Supplied data:
┌──

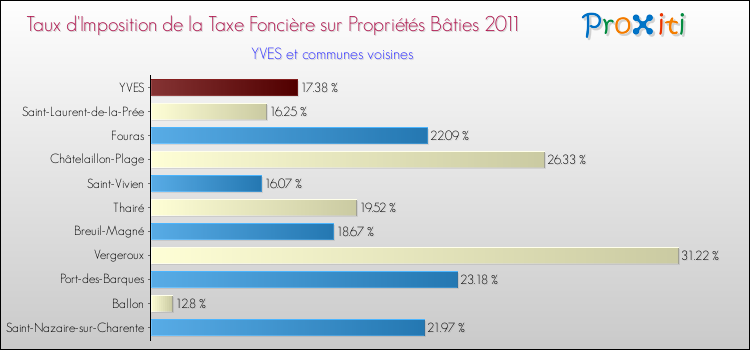 Taux d'imposition de la taxe foncière sur le bati 2011 pour YVES et les communes proches Comparaison des taux d'imposition de la taxe foncière sur le bati 2011 pour YVES et les communes voisines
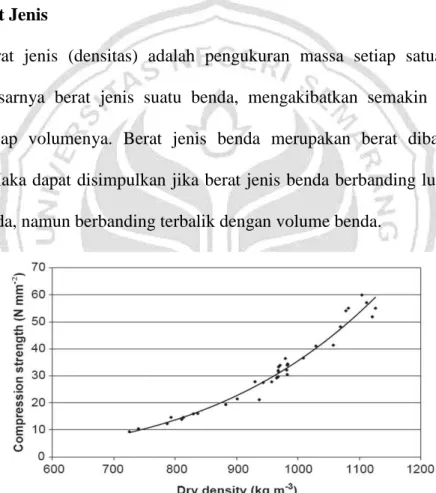 Gambar 2.3 Hubungan antara berat jenis kering dengan kuat tekan  Sumber : Rhen 2005:13 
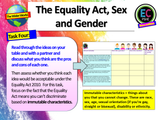 The Equality Act - Sex and Gender PSHE / Citizenship Lesson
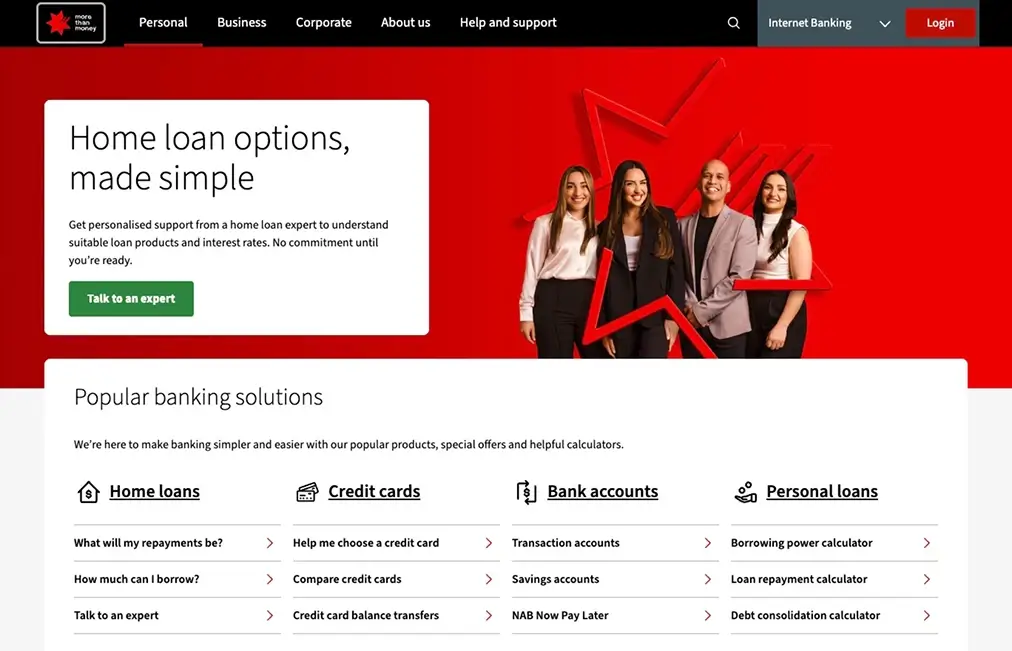 البنك الوطني الأسترالي (NAB)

└──

Task to complete:
Only the pictures are to be dropped; the rest of the material above must be duplicated exactly.

Solution to the exercise:
 Taux d'imposition de la taxe foncière sur le bati 2011 pour YVES et les communes proches Comparaison des taux d'imposition de la taxe foncière sur le bati 2011 pour YVES et les communes voisines
 Gambar 2.3 Hubungan antara berat jenis kering dengan kuat tekan  Sumber : Rhen 2005:13 
 The Equality Act - Sex and Gender PSHE / Citizenship Lesson
 البنك الوطني الأسترالي (NAB)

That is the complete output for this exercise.